As the one year anniversary of the Consumer Financial Protection Bureau’s operational beginning approaches, there is still uncertainty regarding the future of the agency’s long-term existence.

The GOP and banking industry lobbied to prevent the CFPB’s creation and to disassemble the federal consumer watchdog agency, while Republican presidential hopeful Mitt Romney has vowed to repeal the 2010 Dodd-Frank Act, the financial reform law that mandated the agency’s establishment, The Huffington Post reports.

The agency’s concept was developed by Democratic hopeful Elizabeth Warren. Warren will challenge Sen. Scott Brown (R-Mass.) for his seat in the elections.

President Obama spearheaded the agency’s creation primarily in response to illegal activities that led up to the collapse of the housing market.
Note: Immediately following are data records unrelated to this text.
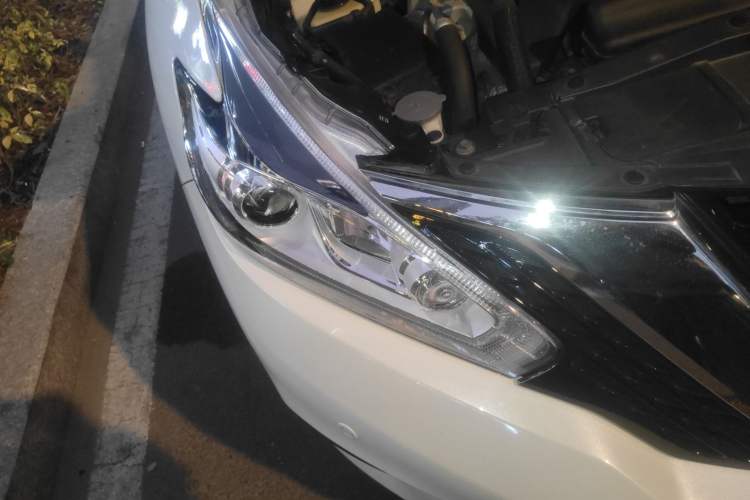 Used Nissan Murano 2021 2.5L XL Two-Wheel Drive Smart Connect Luxury Edition
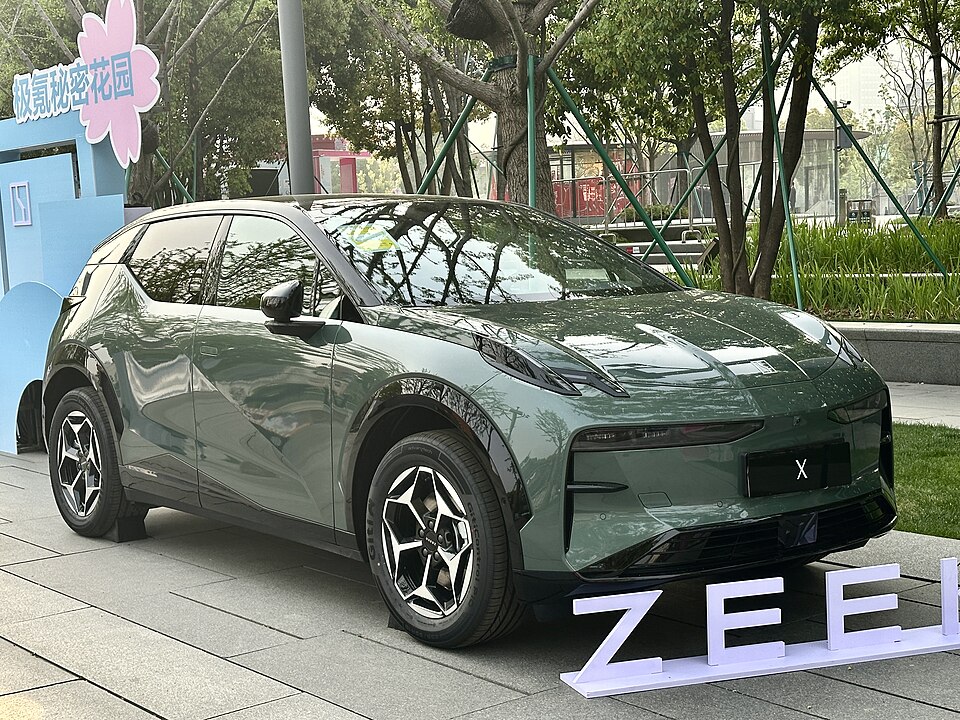 ZEEKR X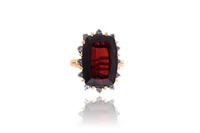 Anello con diamanti e pietra - Asta Preziosi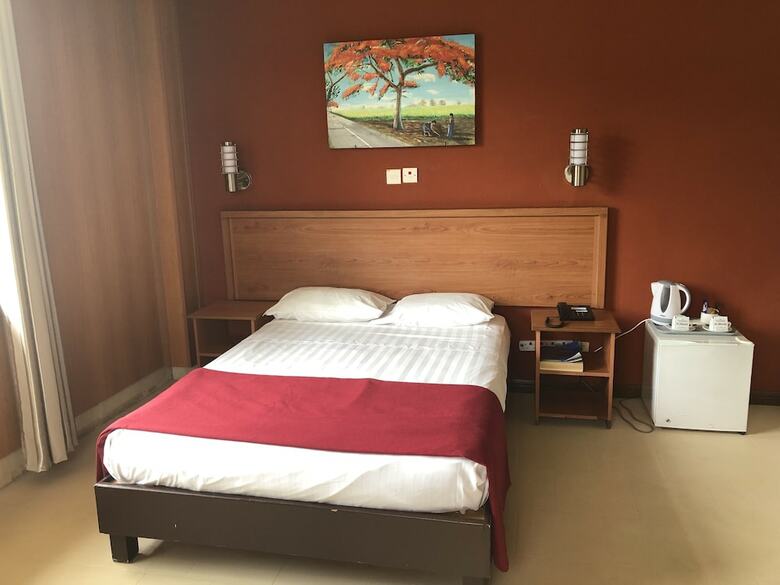 Champ De Mars Hotel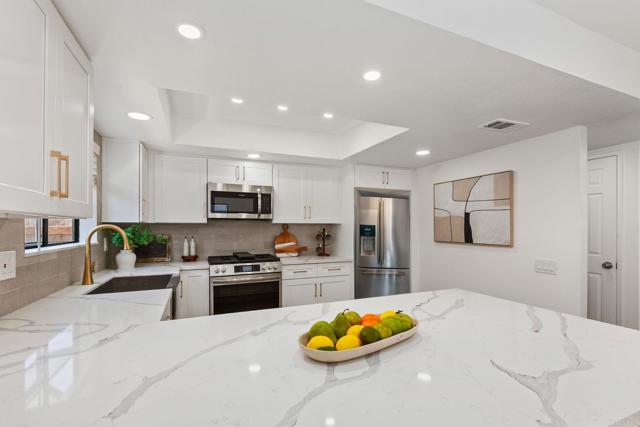 2512 Santa Ana Ave, Costa Mesa CA: https://media.crmls.org/mediaz/1aee836f-524d-44ab-a55b-5b200c1d570e.jpg
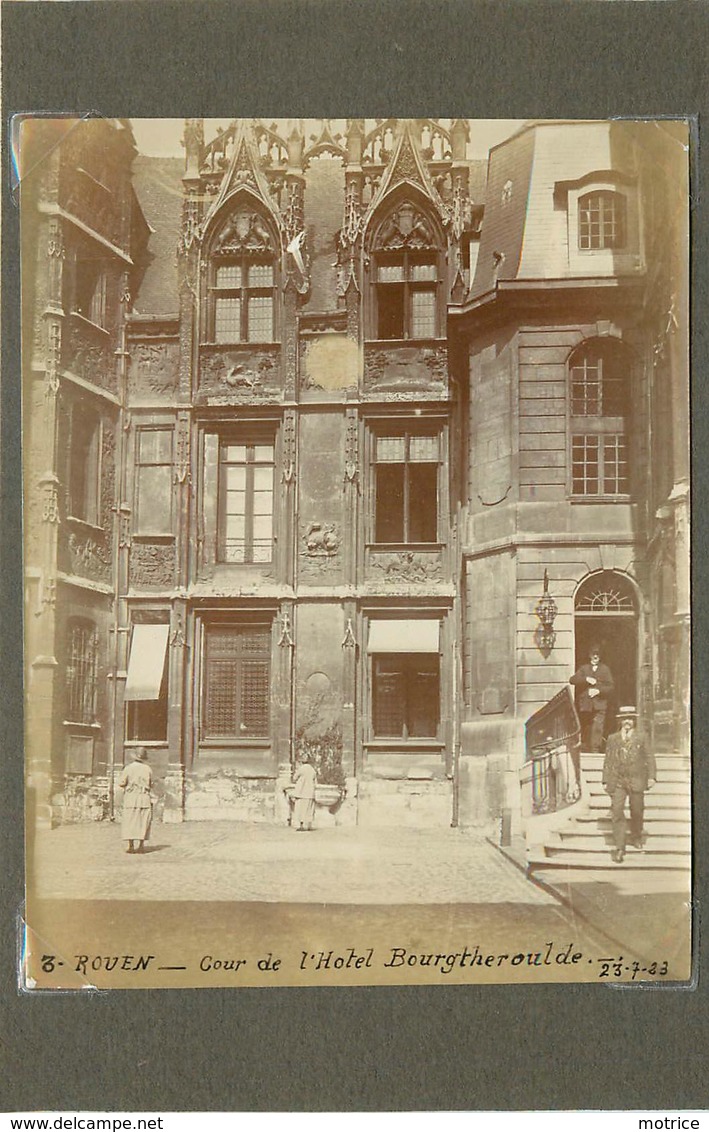 ROUEN (seine  Maritime) - Cour De L'hôtel Bourgtheroulde,dans Les Années 20 ( Photo Format 10,9cm X 8,4cm). - Lieux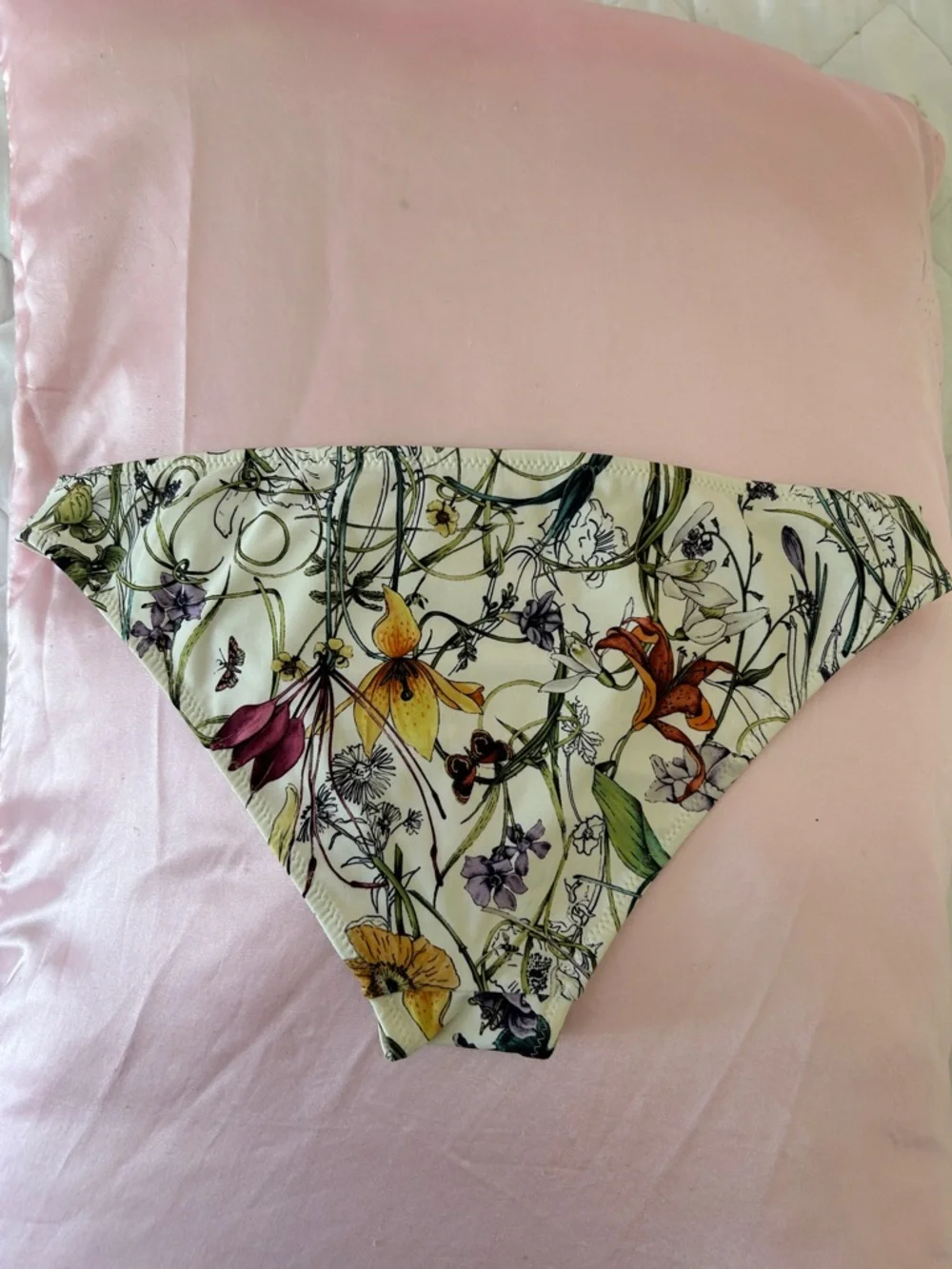 Gucci Floral Silk bikini bottoms in Ivory with Purple & Yellow Flowers - Picture 4 of 4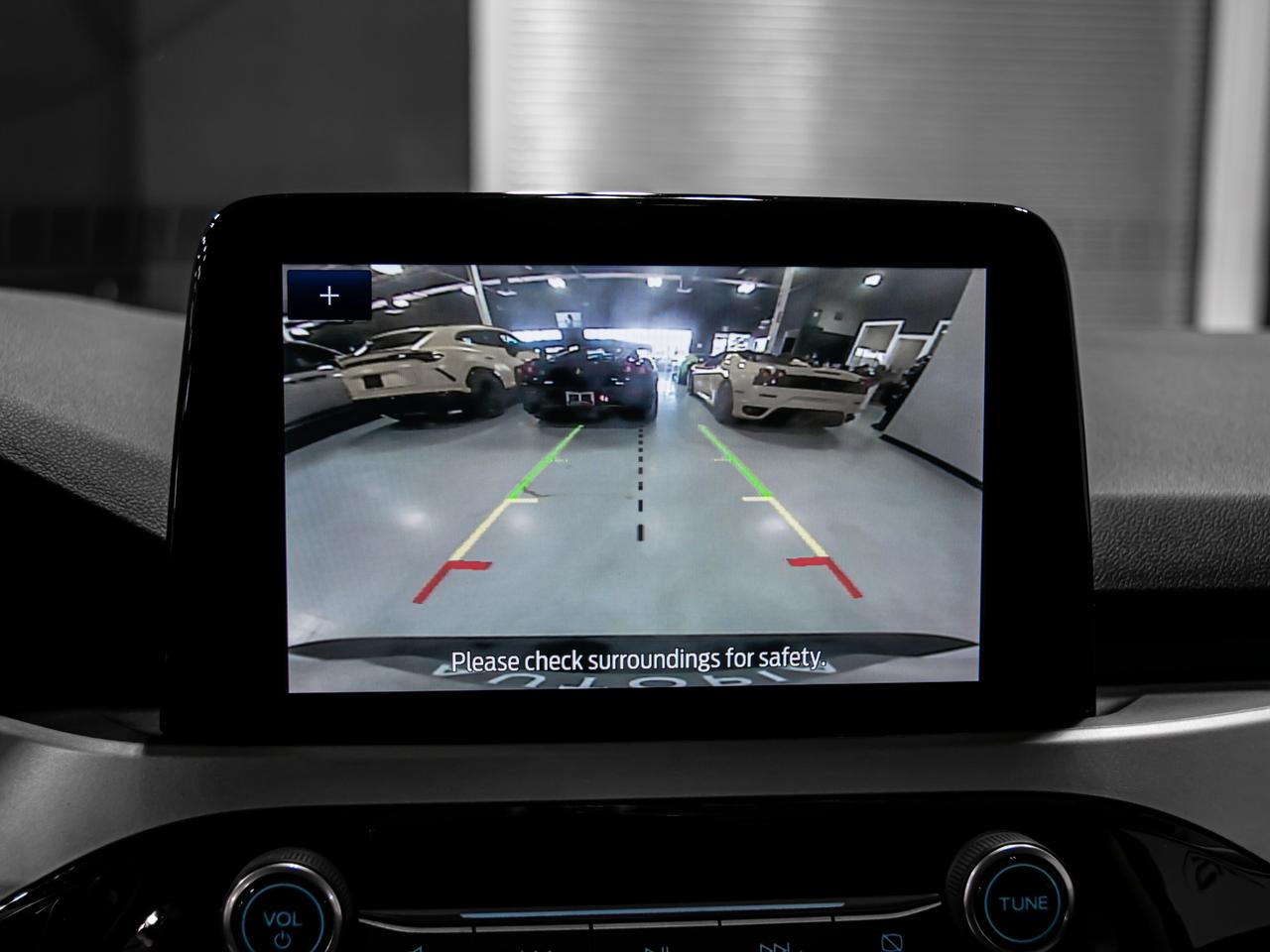 2021 Ford Escape SE AWD BLIND SPOTS REAR VIEW CAMERA Photo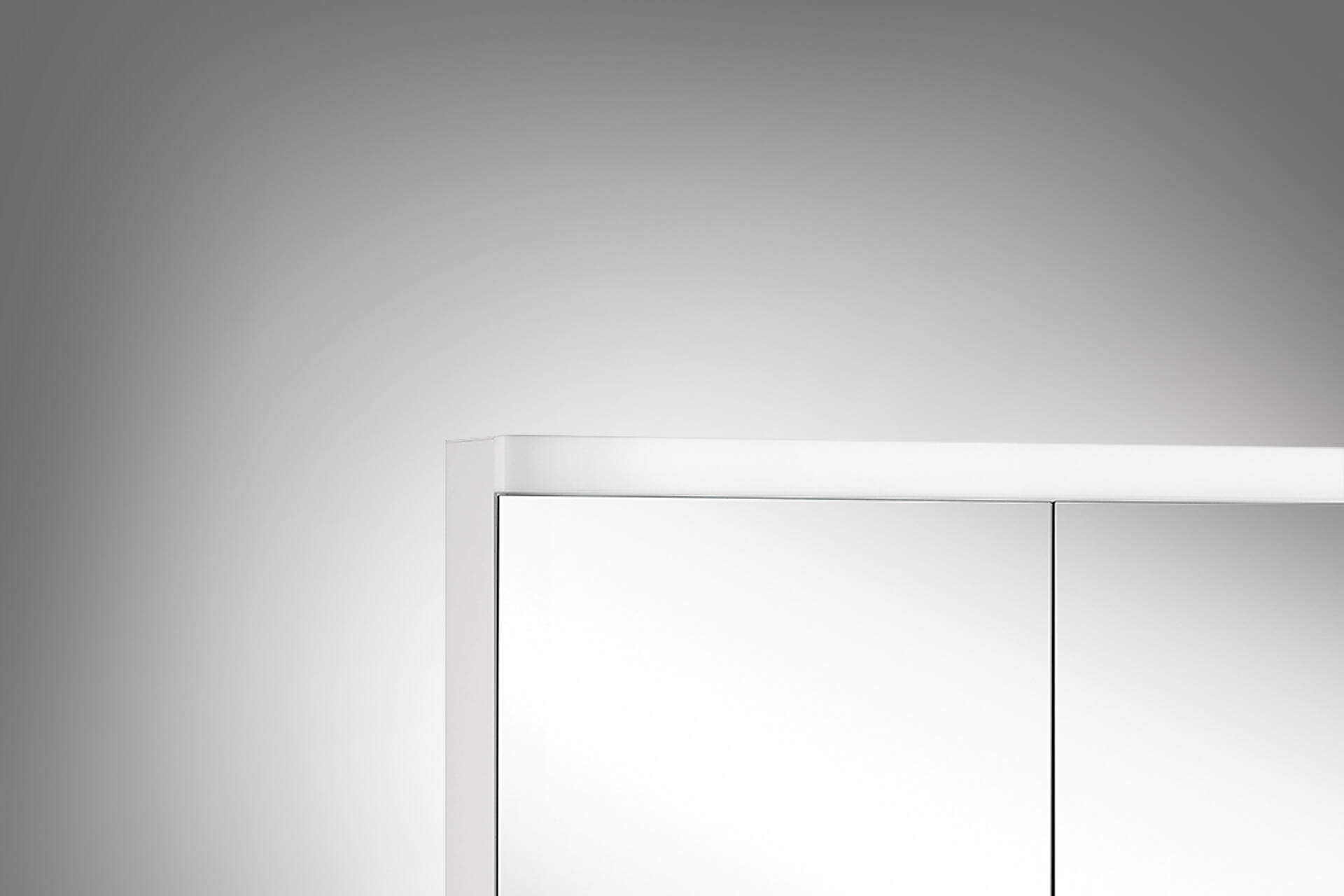 LOW Line BASIC LED Spiegelschrank - Hygienisches und pflegeleichtes Aluminium, weiss lackiert. LOW Line BASIC LED Spiegelschrank mit dekorativer Ecke.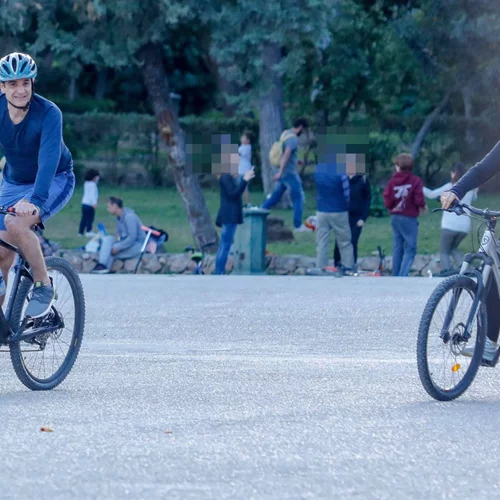 Κυριάκος Μητσοτάκης | Για ποδήλατο με τις κόρες του, Σοφία και Δάφνη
He signed the Dodd-Frank Act into law in July 2010. The agency became operational one year later on July 21, 2011.

Obama nominated Richard Cordray as the director of the agency. Cordray’s nomination remains controversial, as critics maintain that the appointment is unconstitutional. Obama chose not to nominate Warren, as he allegedly expected staunch opposition from the financial industry and in the Senate.

Last week, the agency took its first enforcement action, lodged against Capital One, charging the company $210 million in fines for its use of deceptive marketing practices. Additionally, Capital One will be forced to pay $140 million in full refunds to close to two million customers, The Huffington Post reports.